Les espaces réservés aux adultes sans enfants, souvent désignés sous le terme « no kids », connaissent une expansion notable en France. Ces dernières années, plusieurs initiatives ont vu le jour, telles que la classe Business Optimum de la SNCF, qui exclut les enfants de moins de 12 ans, ainsi qu’une vingtaine de campings où les mineurs ne sont pas acceptés. Le phénomène des hôtels « adults only » a également doublé entre 2016 et 2023, illustrant une tendance croissante à exclure les jeunes du milieu public.

EN BREF

  • Des espaces « no kids » se multiplient, excluant les enfants de divers lieux publics.
  • Un rapport de la Commission nationale des Droits de l’Homme préconise leur interdiction.
  • Sarah El Haïry, Haute-commissaire à l’Enfance, soutient cette initiative pour protéger les droits des enfants.

Ce lundi 6 juillet, la Commission nationale des Droits de l’Homme a remis un rapport à la Haute-commissaire à l’Enfance, Sarah El Haïry, visant à contrer ce phénomène d’exclusion. Selon Ophélie Marrel, juriste à la commission et autrice du rapport, ces espaces sont qualifiés d’ »illégaux ». Elle souligne que ces exclusions constituent une atteinte aux droits fondamentaux des enfants.

Dans une interview sur RMC, Sarah El Haïry a exprimé son accord avec les recommandations du rapport, affirmant que ces espaces « no kids » représentent « le début de la fracturation de la société ». Elle précise : « Je suis pour l’interdiction de ces espaces no kids, je ne me bats pas pour qu’ils rentrent au casino, je me bats pour qu’on reconnaisse simplement les droits des enfants. »

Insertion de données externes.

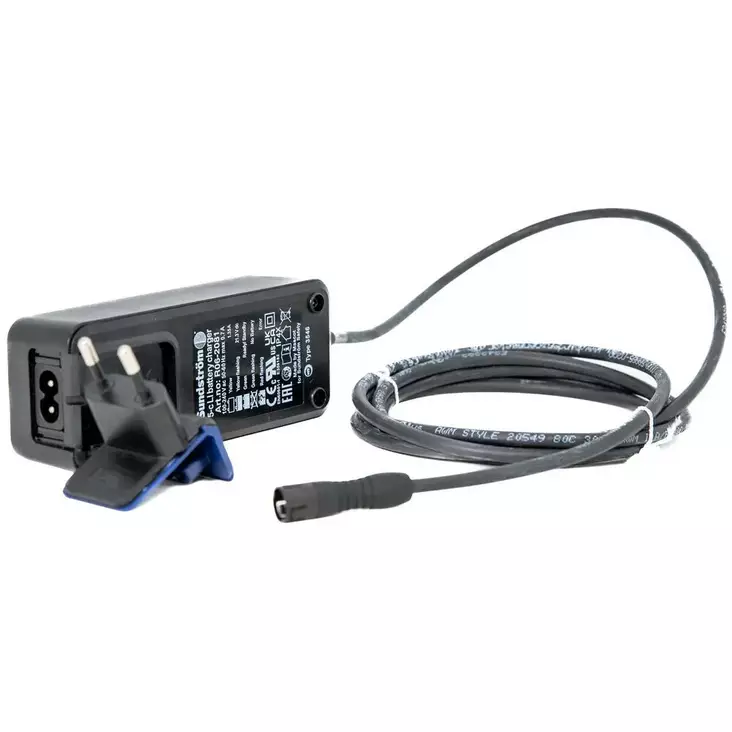 Sundström R06-2081 Akkulaturi SR 500 EX - Sundström hengityksensuojaimet - R06-2081 - 1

Les recommandations de la commission vont au-delà de l’interdiction des espaces réservés aux adultes. Elles incluent des mesures visant à réintroduire les enfants dans l’espace public. Parmi celles-ci, on retrouve la création de rues piétonnes autour des écoles, l’installation de panneaux de signalisation à hauteur d’enfants, la réduction de la vitesse des véhicules aux abords des établissements scolaires et l’encouragement des classes en plein air.

Ophélie Marrel a souligné : « Nous sommes en train de fabriquer des enfants d’intérieur. » Elle a ajouté que si les parents éprouvent une certaine appréhension face aux dangers extérieurs, tels que les accidents de voiture ou les enlèvements, il est essentiel de reconnaître que les enfants sont aussi exposés à des risques en ligne, notamment sur les réseaux sociaux.

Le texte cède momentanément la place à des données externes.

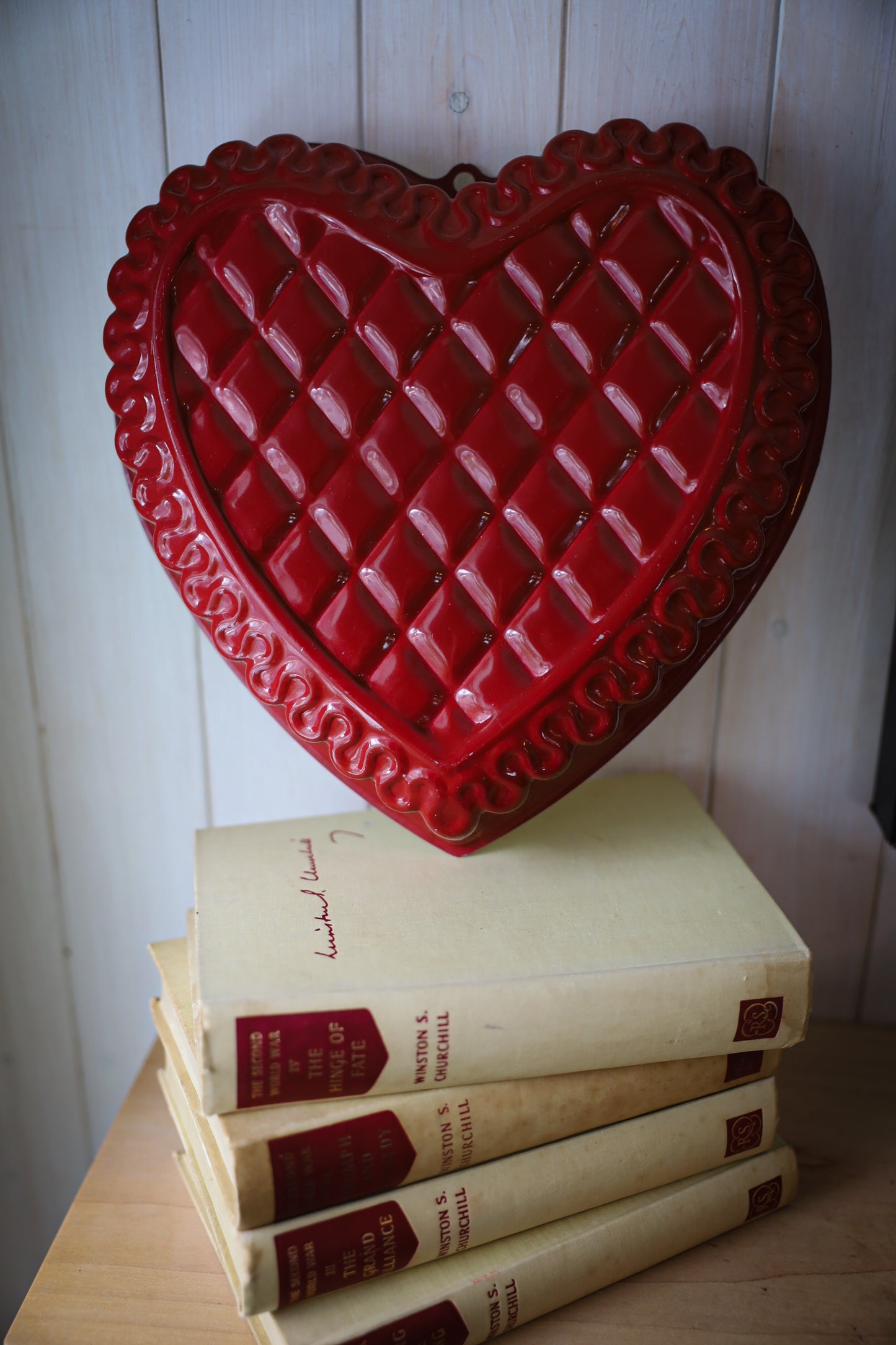 Heart Shaped Cake Mold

Le rapport met en lumière une perception problématique des enfants dans la société actuelle. Trop souvent, ils sont vus comme des personnes à surveiller plutôt que comme des êtres dignes, à part entière, comme les adultes. Cette vision peut avoir des conséquences néfastes sur leur développement social et émotionnel.

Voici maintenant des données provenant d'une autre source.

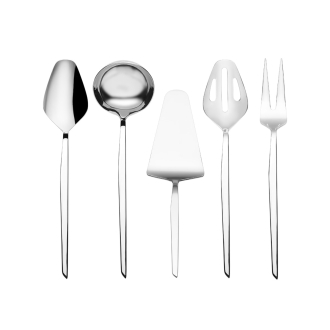 Korkmaz Trea 5 Parça Servis Seti A5569 - Korkmaz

En conclusion, ce rapport souligne l’importance de protéger les droits des enfants et de les réintégrer dans l’espace public, afin de favoriser leur épanouissement. La prise de conscience et l’action des autorités sont désormais plus que jamais nécessaires pour contrer cette tendance d’exclusion. Les enfants méritent d’être reconnus non seulement comme des individus à surveiller, mais comme des participants actifs à la vie de la société.